Activity: Please set down only the lines below starting with the line with "2008 SECC Annual" and going on through the line with "ERZURUM’DA 62 YAŞINDAKİ", verbatim and without pictures.

Excerpted records:
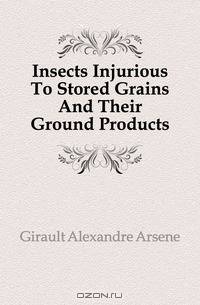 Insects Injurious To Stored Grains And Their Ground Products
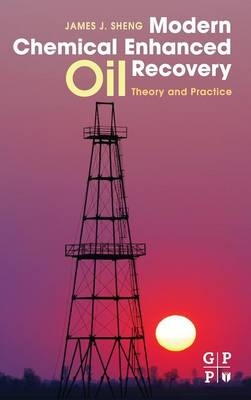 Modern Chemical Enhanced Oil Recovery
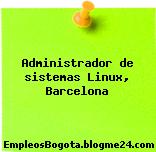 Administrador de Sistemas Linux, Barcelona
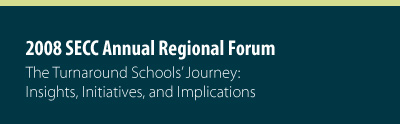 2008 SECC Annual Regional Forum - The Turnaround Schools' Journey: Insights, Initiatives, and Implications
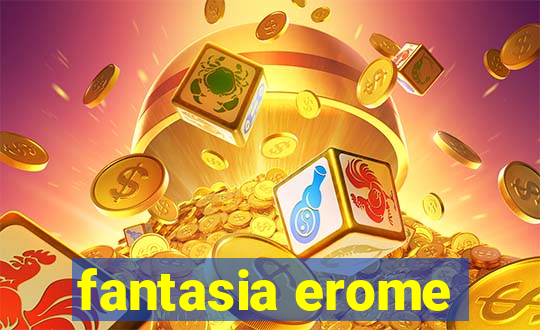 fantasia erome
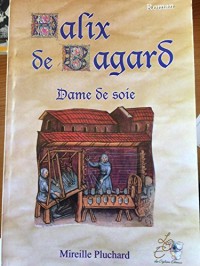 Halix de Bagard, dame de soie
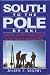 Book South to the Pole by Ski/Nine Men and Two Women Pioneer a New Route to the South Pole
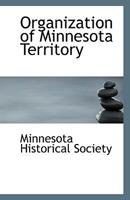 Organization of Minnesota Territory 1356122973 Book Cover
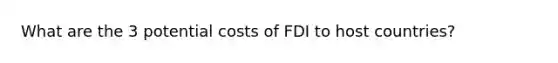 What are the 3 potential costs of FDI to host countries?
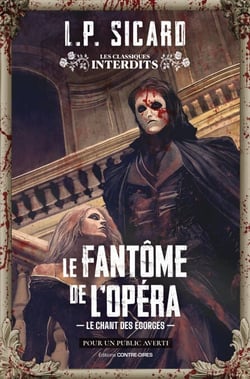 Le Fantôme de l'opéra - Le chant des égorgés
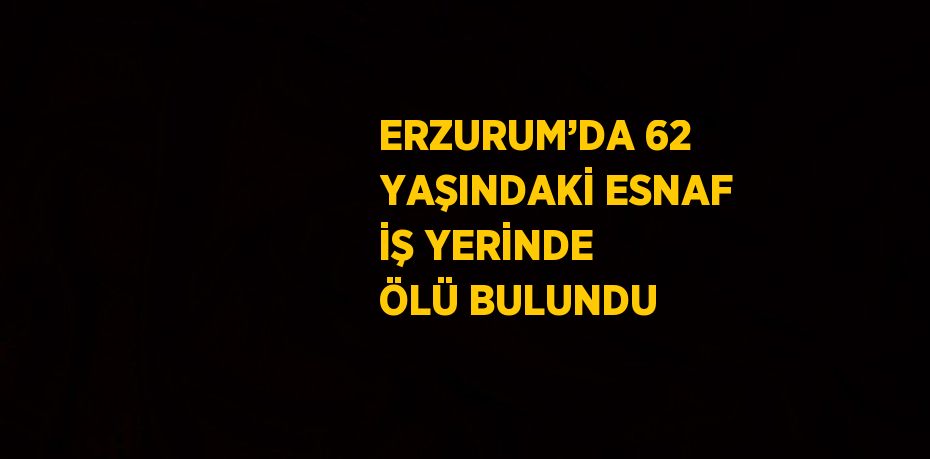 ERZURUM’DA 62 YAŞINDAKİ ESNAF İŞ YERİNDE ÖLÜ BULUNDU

--

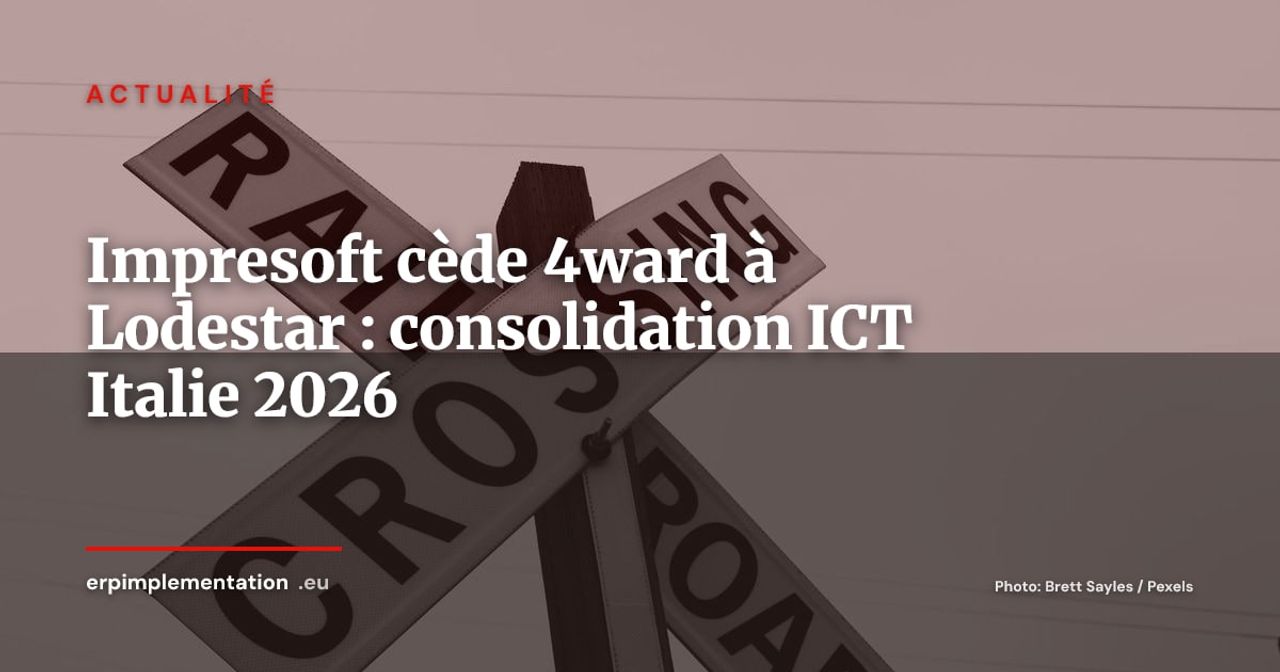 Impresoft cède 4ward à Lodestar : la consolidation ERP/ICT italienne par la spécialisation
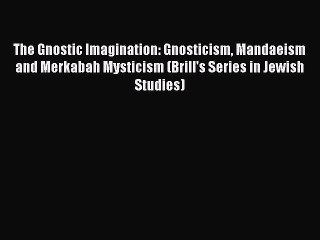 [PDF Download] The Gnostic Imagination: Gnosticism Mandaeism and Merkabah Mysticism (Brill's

---

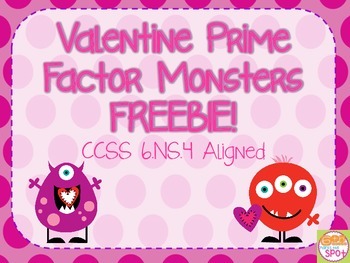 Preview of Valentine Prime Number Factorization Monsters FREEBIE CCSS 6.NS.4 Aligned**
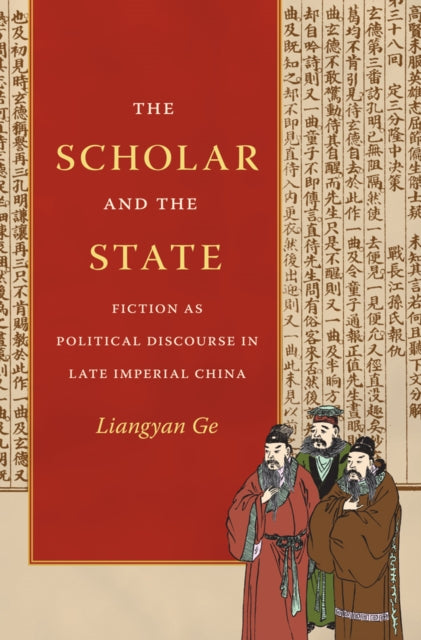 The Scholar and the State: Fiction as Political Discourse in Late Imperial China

Solution for this task:
 2008 SECC Annual Regional Forum - The Turnaround Schools' Journey: Insights, Initiatives, and Implications
 fantasia erome
 Halix de Bagard, dame de soie
 Book South to the Pole by Ski/Nine Men and Two Women Pioneer a New Route to the South Pole
 Organization of Minnesota Territory 1356122973 Book Cover
 What are the 3 potential costs of FDI to host countries?
 Le Fantôme de l'opéra - Le chant des égorgés
 ERZURUM’DA 62 YAŞINDAKİ ESNAF İŞ YERİNDE ÖLÜ BULUNDU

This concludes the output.